Taylor was not alone in his loneliness. On the 1978-79 tour of Australia, Brearley made 37 runs from six Test innings. In the Third Test, which England lost, the captain made 0 and 1. He considered dropping himself from the fourth but was quickly talked out of it by Bob Willis, the senior pro, and Doug Insole, the manager. It helped that England were 2-1 up in the series at the time and the Australians were hobbled by the absence of their Packer defectors. The captain's lack of runs was masked by the success of the team.

Four years earlier, Mike Denness had not been so lucky. Caught in a barrage of bouncers from Lillee and Thomson, with a dressing-room which, as he says, "looked more like Emergency Ward Ten" and a team desperately low on morale, his own supply of runs dried up. Two-nil down, with one Test drawn, he dropped himself from the Fourth Test. John Edrich took over the captaincy.

"We had to get back into the series and I was out of form, so, in a sense, it wasn't a difficult decision," Denness recalled. "Mark Taylor's situation is a little different. He's built Australia into the strongest team in the world without getting any runs himself. But if the team starts losing, I'm absolutely certain they'll pull him out. Being a touring captain when you're not doing well and the team's not doing well is ten times worse than not doing well personally in a winning team.

"When you're not in form yourself, your mind tends not to be focused 100 per cent on your captaincy. You maybe delay decisions four or five overs longer than you would do otherwise; you're not as sure of yourself. When you're making runs and bubbling with confidence, you make changes instantly and expect them to work.

"Once you are no longer captain on the field, how much do you get involved? I decided to leave it all to John Edrich, so I sat by the pool on the opening morning listening to the radio. But I couldn't stand it, so I went to the ground. It was a very lonely time and one of the longest Test matches of my life."

The support of his troops will continue to be critical to Taylor just as it was to Atherton in Zimbabwe. The side has enough maturity to cope and he is not out of the woods. The Australians have traditionally picked a side first and a captain second, and carrying a non-playing captain smacked of a quaint English ideal. So far, they have lived with it, but defeat will sharpen attitudes.

Brearley recalls inviting Tony Greig to tea in his room once during his run of poor form on the '78-79 tour. Greig remarked what a coincidence it was that Denness should have had the same room on the previous tour. It was not even true. A few similar barbs, real or imagined, will start to undermine Taylor's authority, even in simple things like the team talk.

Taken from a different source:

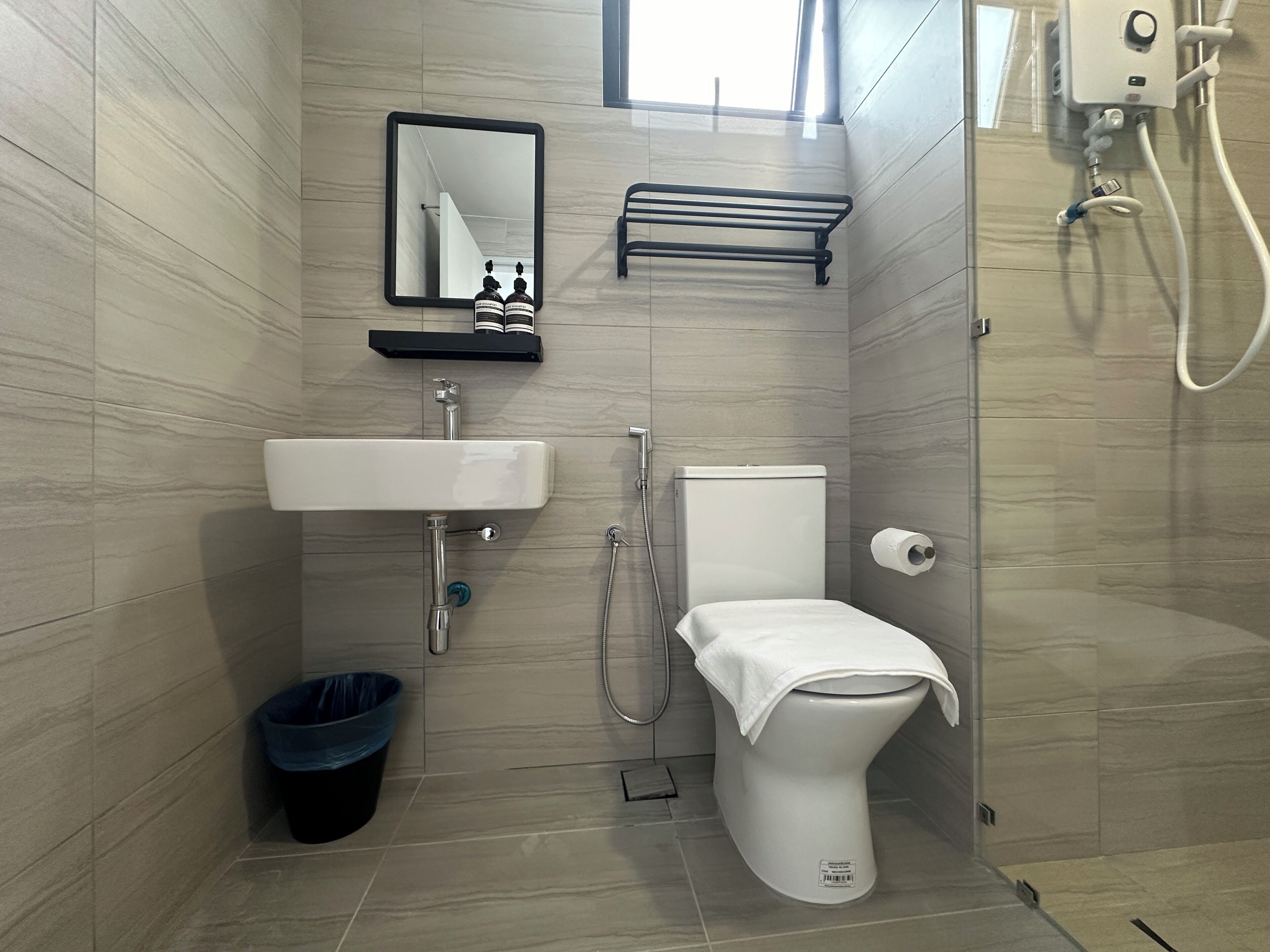 Een badkamer met een wit wastafel, toilet en douche. Er staat een zwarte prullenbak en er is een handdoekhouder.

"The thing about both Atherton and Taylor is that they both play in critical positions for their sides," said John Barclay, a former captain of Sussex who watched Atherton's personal struggles at close hand as manager of England's winter tour. "It's not as if they can drop down the order to regain their form. Michael's setbacks in the winter were enormously strengthening. He learned what it's like to give everything every day and still have your off-stump knocked out. His resolve was incredible."

Mark Taylor might take heart from that. Or even from the record of one of his predecessors, the Maharaja of Porbander, who captained the All- India touring side to England as a batsman in 1932. In six innings, he made six runs, one for each of his Rolls-Royces.